Laetesia germana
- Conservation status: Data Deficient (NZ TCS)

Scientific classification
- Domain: Eukaryota
- Kingdom: Animalia
- Phylum: Arthropoda
- Subphylum: Chelicerata
- Class: Arachnida
- Order: Araneae
- Infraorder: Araneomorphae
- Family: Linyphiidae
- Genus: Laetesia
- Species: L. germana
- Binomial name: Laetesia germana Millidge, 1988

= Laetesia germana =

- Authority: Millidge, 1988
- Conservation status: DD

Species of spider

Laetesia germana is a species of sheet weaver endemic to New Zealand.

== Taxonomy ==
This species was described in 1988 by Alfred Frank Millidge from female and male specimens. The holotype is stored in Otago Museum.

== Description ==
The female is recorded at 2.65-2.9mm in length whereas the male is 2.45-2.65mm. This species has a yellow to orange carapace and legs. The female abdomen is yellowish grey with dark markings.
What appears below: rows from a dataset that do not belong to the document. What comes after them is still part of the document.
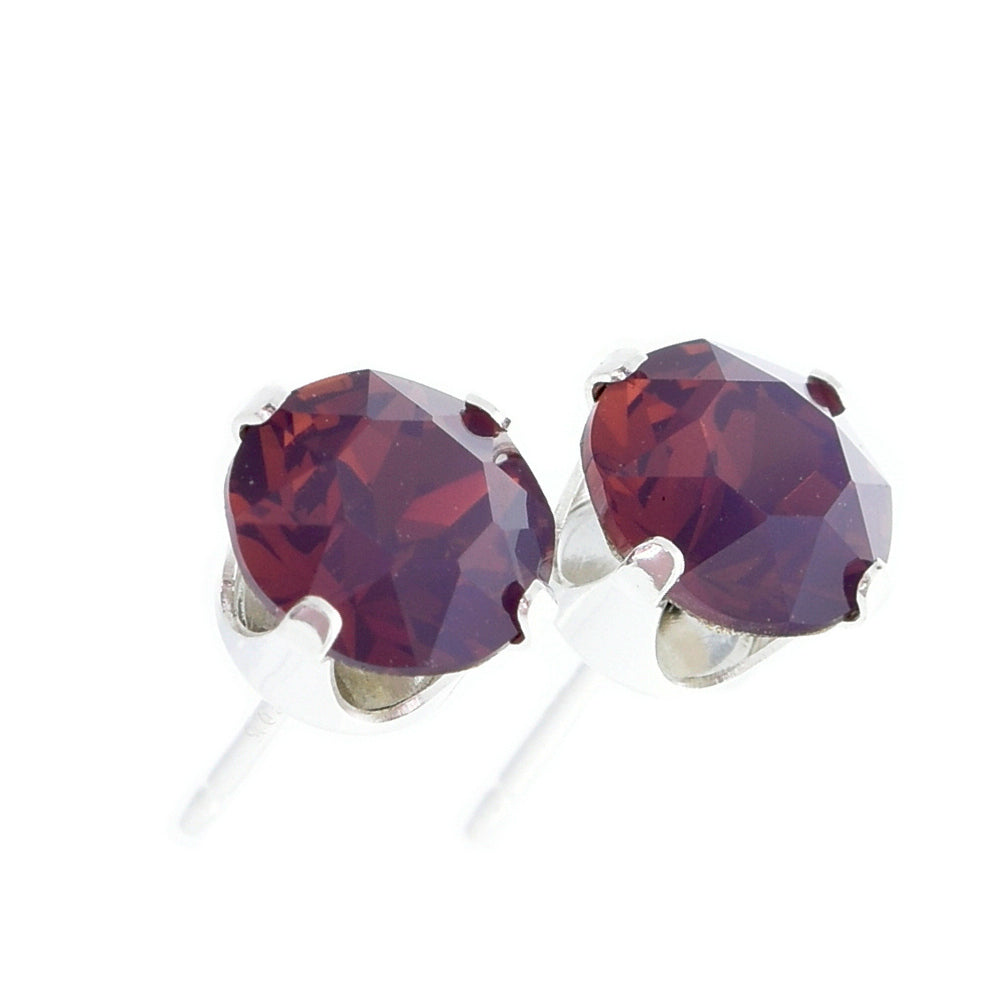 pewterhooter® Women's Classic Collection 925 Sterling silver earrings with sparkling Cyclamen Opal crystals, packaged in a gift box for any occasion.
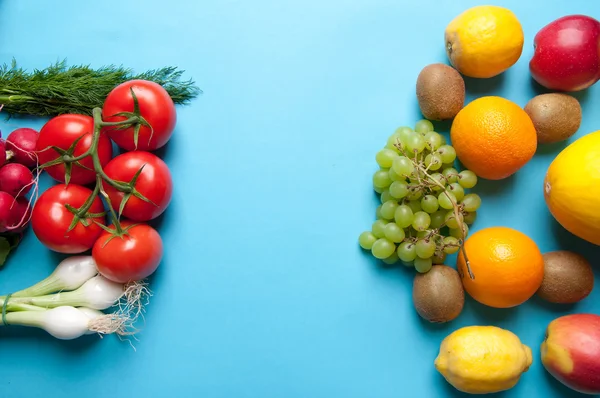 Meyve ve sebze yukarıdan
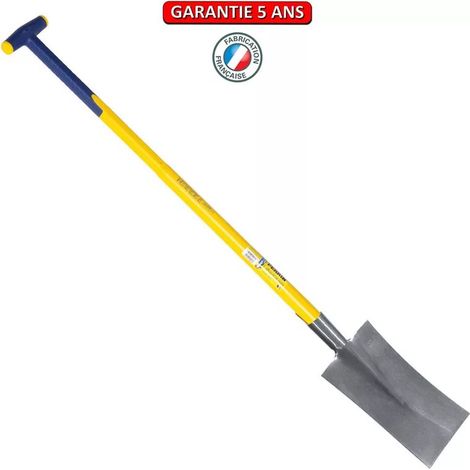 Polierte Nord Spade 28 Krücke mit Verbundgriff OUTILS PERRIN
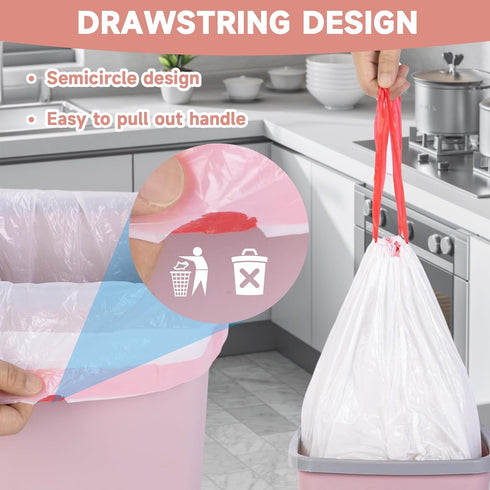 Magesh 3 125 Count 12 Gallon Trash Bag Drawstring - White Small Mini Garbage Bags For Bathroom Can Liter Unscented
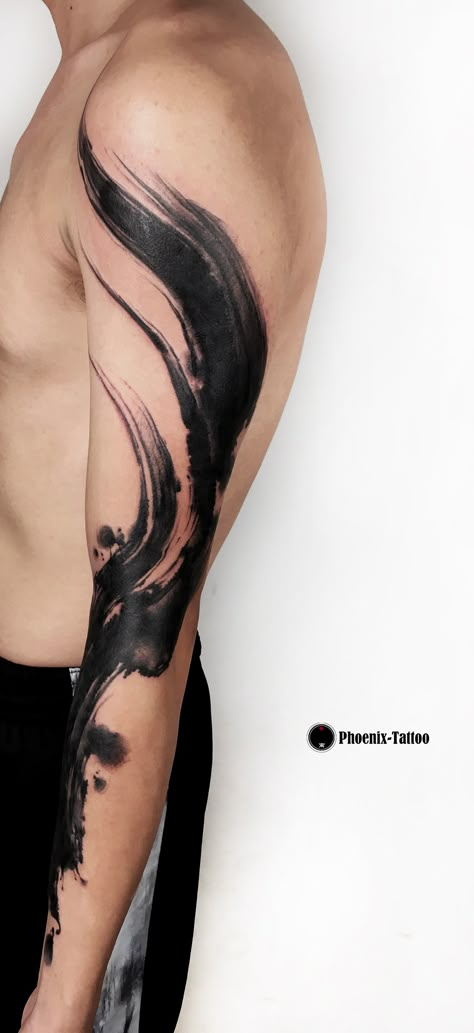 Calligraphy Arm Tattoo, Fire Wings Tattoo, Tattoo On Neck Women, Dark Abstract Tattoo, Kiss Tattoo On Neck, Brushstroke Tattoo, Splatter Tattoo, Voll Arm-tattoos, Wind Tattoo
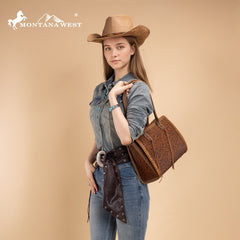 Montana West Floral Tooled Tote Bag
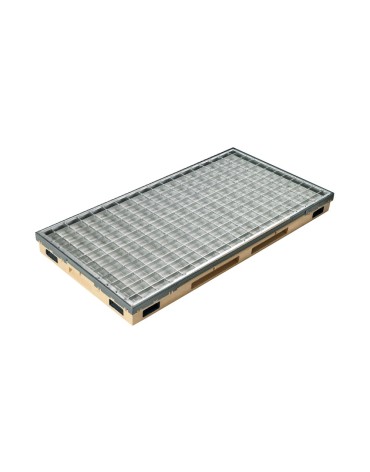 Ștergător de lábak încastrabil ACO Vario 2.0 Hybrid, cu tavă din beton cu polimeri és grătar retea szem 30/30, 600x400x80mm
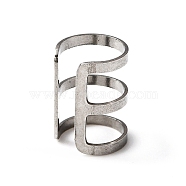 304 Stainless Steel Triple Line Wide Chunky Cuff Earrings for Women, Stainless Steel Color, 13x9mm(EJEW-TAC0015-08P)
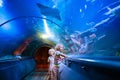 Family in aquarium. Kids watch fish, marine life Royalty Free Stock Photo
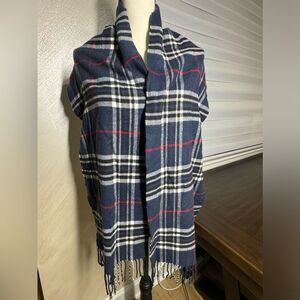 100% Cashmere Italy Design Plaid Fringe Scarf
In contrast the male abdomen is blackish with white markings dorsally.

== Distribution ==
This species is only known from the South Island of New Zealand.

== Conservation status ==
Under the New Zealand Threat Classification System, this species is listed as "Data Deficient" with the qualifiers of "Data Poor: Size" and "Data Poor: Trend".